+++ INPUT DATA

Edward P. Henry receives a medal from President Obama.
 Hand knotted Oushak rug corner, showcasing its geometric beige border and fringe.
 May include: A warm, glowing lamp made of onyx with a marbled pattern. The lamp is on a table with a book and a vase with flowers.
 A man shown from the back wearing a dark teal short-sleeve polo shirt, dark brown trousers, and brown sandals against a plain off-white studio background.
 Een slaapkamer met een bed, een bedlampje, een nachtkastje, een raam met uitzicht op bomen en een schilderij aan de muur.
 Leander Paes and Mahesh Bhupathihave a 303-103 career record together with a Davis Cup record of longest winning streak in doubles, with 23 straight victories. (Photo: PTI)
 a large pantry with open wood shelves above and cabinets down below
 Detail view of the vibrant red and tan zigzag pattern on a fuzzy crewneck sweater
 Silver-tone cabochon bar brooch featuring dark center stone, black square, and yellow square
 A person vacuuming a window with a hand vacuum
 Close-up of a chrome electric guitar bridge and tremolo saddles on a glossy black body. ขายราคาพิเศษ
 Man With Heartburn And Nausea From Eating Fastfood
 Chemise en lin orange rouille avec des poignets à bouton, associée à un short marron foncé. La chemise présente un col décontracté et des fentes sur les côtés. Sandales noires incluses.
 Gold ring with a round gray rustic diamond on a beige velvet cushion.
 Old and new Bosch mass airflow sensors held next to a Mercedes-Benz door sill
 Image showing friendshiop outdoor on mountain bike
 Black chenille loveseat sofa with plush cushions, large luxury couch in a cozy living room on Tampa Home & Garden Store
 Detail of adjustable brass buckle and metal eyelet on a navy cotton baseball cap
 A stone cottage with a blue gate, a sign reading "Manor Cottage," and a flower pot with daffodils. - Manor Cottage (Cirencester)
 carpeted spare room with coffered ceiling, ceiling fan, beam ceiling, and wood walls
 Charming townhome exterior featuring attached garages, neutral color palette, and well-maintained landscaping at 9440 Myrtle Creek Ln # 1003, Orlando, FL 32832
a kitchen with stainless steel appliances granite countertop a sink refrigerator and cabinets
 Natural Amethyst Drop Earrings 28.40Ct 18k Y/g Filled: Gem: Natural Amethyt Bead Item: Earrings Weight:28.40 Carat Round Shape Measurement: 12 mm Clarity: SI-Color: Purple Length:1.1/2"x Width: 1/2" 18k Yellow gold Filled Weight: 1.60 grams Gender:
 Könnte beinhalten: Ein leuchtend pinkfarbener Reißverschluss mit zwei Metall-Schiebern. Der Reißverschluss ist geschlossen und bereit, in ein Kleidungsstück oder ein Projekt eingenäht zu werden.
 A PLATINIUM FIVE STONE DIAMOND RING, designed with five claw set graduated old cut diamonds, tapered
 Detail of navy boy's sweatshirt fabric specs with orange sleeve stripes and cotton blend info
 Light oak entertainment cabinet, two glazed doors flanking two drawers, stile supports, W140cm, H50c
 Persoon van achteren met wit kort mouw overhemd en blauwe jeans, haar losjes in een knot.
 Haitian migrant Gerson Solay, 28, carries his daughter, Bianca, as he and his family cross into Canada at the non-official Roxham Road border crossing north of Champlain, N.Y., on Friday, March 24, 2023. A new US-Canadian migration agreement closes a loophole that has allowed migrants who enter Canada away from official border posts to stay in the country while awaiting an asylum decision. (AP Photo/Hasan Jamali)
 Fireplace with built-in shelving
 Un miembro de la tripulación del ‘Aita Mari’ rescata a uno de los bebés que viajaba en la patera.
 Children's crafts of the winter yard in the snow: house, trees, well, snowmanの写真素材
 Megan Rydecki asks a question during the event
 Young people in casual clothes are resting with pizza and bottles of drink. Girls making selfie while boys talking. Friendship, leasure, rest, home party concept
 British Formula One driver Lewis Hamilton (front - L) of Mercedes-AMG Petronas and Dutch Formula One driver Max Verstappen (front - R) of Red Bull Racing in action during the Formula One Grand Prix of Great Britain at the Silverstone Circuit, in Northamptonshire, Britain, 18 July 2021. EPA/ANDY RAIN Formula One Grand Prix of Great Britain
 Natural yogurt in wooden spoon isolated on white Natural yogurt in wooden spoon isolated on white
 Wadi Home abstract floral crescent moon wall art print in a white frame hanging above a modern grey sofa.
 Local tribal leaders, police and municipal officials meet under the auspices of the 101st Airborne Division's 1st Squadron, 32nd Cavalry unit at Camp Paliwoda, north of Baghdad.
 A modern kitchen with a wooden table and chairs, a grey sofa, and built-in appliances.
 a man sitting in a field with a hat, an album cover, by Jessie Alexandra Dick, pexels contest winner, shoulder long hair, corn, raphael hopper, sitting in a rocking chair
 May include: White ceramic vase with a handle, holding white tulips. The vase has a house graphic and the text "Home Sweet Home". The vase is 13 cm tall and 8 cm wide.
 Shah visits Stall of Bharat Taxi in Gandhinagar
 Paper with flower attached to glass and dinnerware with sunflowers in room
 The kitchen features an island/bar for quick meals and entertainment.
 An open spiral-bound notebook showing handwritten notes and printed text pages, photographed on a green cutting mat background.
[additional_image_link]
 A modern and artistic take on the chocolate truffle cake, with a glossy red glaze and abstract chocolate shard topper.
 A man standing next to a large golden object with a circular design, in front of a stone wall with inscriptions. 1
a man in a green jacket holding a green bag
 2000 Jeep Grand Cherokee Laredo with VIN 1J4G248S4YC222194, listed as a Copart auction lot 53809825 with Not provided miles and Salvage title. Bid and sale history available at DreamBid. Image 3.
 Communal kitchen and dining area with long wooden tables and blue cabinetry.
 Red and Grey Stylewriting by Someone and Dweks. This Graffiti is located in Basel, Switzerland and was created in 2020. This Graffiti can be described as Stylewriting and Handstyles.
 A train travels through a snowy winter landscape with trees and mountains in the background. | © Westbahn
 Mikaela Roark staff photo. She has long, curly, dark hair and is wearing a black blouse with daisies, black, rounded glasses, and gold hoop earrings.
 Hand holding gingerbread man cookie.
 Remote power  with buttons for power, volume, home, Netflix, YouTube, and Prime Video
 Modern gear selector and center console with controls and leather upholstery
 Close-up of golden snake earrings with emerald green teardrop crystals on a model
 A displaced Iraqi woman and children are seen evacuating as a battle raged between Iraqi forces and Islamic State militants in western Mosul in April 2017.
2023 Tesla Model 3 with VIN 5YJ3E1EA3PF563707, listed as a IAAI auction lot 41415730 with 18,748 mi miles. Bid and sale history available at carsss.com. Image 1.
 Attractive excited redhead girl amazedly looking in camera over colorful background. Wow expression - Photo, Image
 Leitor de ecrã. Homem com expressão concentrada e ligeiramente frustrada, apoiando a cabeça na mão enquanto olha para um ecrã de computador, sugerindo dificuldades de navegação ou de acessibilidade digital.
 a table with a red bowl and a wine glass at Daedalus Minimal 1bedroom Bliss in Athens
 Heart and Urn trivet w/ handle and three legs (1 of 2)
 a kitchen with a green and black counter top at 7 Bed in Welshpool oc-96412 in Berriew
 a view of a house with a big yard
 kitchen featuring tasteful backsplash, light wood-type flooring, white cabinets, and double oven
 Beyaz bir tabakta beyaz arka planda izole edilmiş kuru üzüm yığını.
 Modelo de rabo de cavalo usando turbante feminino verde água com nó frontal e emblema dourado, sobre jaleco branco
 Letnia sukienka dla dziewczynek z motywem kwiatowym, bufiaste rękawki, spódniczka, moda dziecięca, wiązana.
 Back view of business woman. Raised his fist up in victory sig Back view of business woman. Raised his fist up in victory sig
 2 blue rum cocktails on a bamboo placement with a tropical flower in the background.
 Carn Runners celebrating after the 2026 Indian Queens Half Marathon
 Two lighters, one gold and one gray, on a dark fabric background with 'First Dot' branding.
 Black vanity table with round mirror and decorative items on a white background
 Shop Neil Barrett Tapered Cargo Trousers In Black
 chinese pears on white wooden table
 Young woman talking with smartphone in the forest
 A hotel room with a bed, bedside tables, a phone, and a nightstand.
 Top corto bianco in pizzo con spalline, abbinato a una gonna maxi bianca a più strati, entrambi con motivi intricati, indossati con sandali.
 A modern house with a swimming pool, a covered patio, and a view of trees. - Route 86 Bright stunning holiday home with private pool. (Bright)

++++++

- [TASK INSTRUCTIONS] From the records above, print exactly the lines that run from the line with "Gold ring with" to the line with "Detail of adjustable", inclusive.

- [PROBLEM SOLUTION]
 Gold ring with a round gray rustic diamond on a beige velvet cushion.
 Old and new Bosch mass airflow sensors held next to a Mercedes-Benz door sill
 Image showing friendshiop outdoor on mountain bike
 Black chenille loveseat sofa with plush cushions, large luxury couch in a cozy living room on Tampa Home & Garden Store
 Detail of adjustable brass buckle and metal eyelet on a navy cotton baseball cap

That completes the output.